Task requirements: Within the entries below, output exactly the lines between the line containing "242S Cartão Telefone" and the line containing "X0000091310376200708241119", inclusive, and omit any picture.
________________________________________
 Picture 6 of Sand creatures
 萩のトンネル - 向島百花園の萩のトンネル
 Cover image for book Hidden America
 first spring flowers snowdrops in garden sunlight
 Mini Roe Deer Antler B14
________________________________________
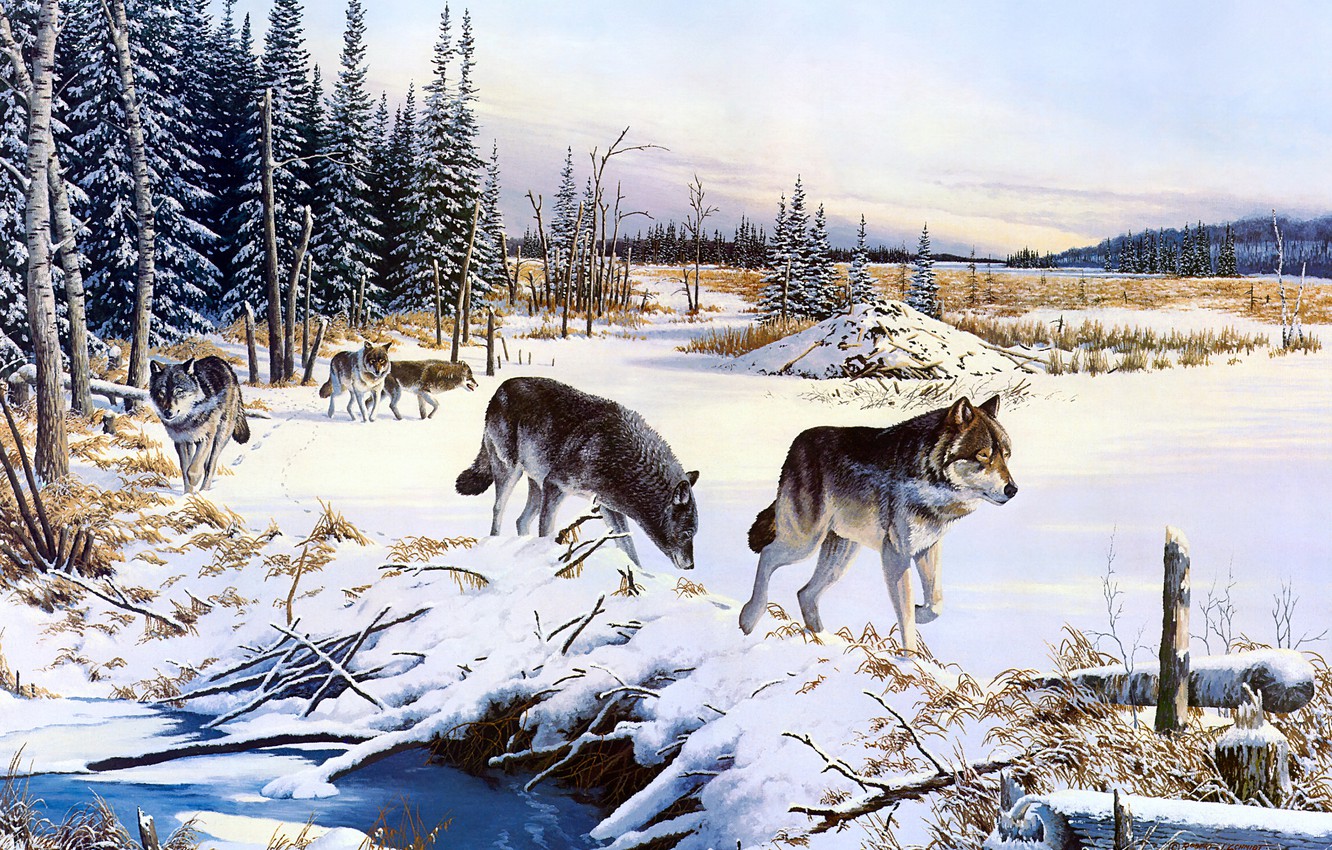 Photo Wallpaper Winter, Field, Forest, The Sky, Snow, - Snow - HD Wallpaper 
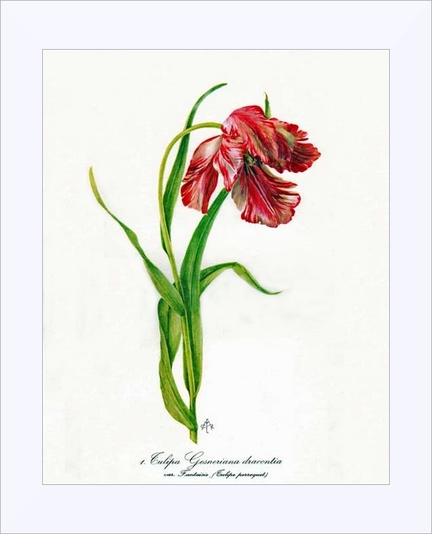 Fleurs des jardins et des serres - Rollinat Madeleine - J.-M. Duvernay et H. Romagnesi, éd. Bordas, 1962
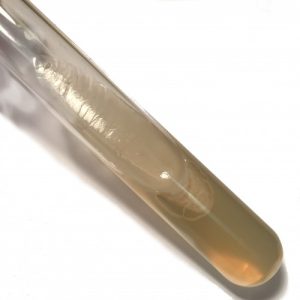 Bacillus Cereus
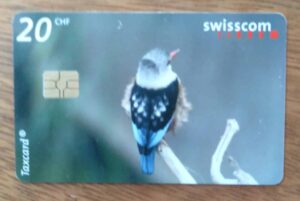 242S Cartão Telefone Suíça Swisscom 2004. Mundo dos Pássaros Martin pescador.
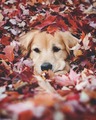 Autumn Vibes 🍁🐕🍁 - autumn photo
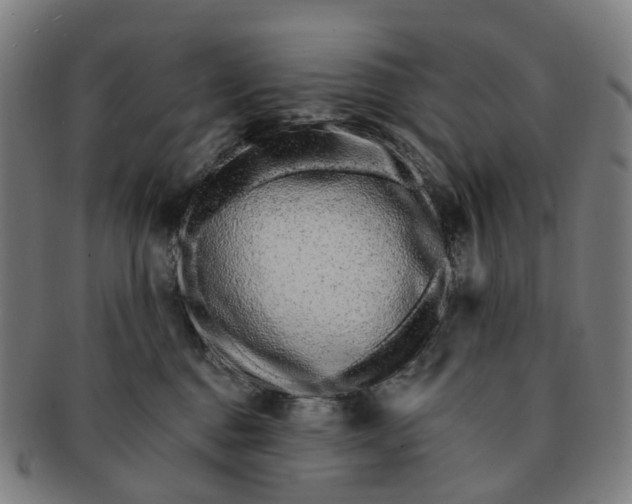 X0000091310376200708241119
________________________________________
Your response:
 242S Cartão Telefone Suíça Swisscom 2004. Mundo dos Pássaros Martin pescador.
 Autumn Vibes 🍁🐕🍁 - autumn photo
 X0000091310376200708241119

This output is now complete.